Work to complete
Look below for the line with "Worth Texas 76110"; begin the copy there and stop after the line with "Hotel Arlon 3*", keeping the text exact and the pictures out.

Input data
◆ ◆ ◆ ◆

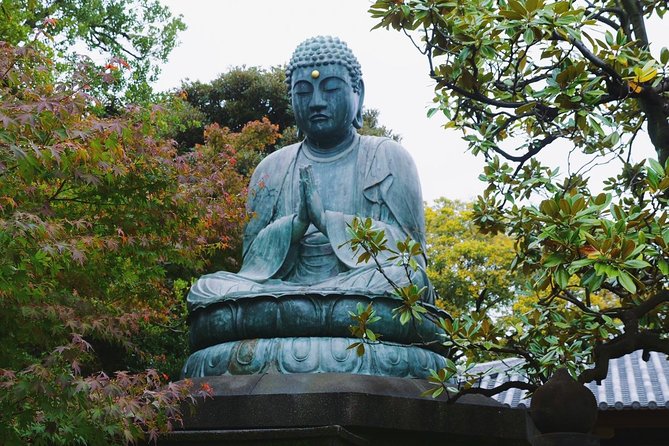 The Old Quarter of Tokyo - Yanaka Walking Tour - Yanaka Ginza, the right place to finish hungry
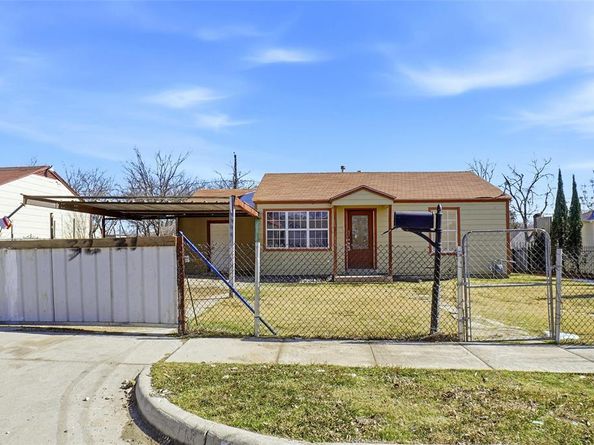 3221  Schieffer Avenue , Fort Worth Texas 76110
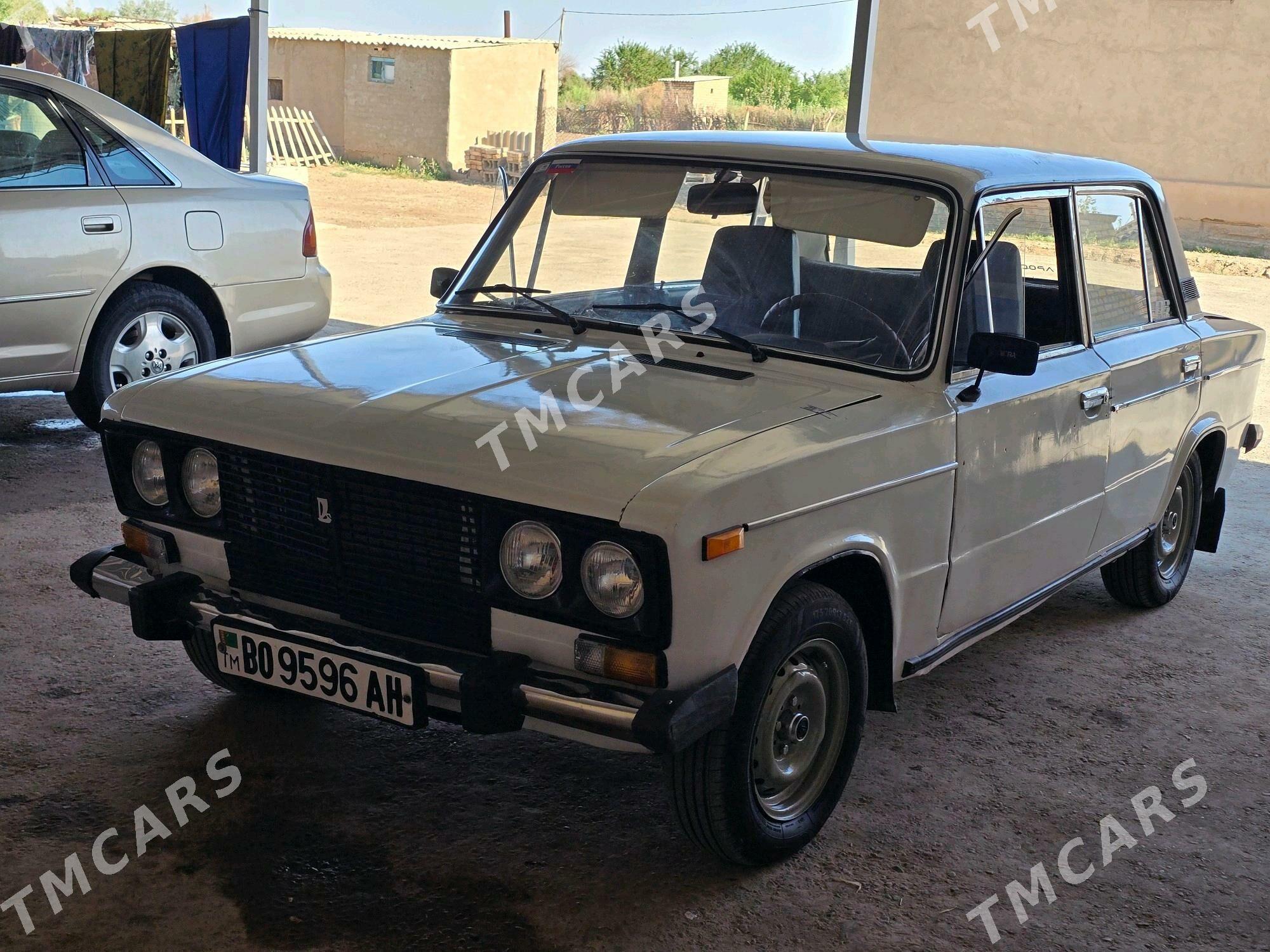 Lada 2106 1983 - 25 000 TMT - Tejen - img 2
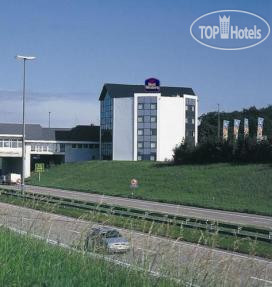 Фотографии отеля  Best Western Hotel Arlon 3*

◆ ◆ ◆ ◆

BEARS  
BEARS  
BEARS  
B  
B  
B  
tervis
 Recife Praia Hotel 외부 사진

◆ ◆ ◆ ◆

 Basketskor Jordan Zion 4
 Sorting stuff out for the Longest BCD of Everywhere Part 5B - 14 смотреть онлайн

◆ ◆ ◆ ◆

Solution below
 3221  Schieffer Avenue , Fort Worth Texas 76110
 Lada 2106 1983 - 25 000 TMT - Tejen - img 2
 Фотографии отеля  Best Western Hotel Arlon 3*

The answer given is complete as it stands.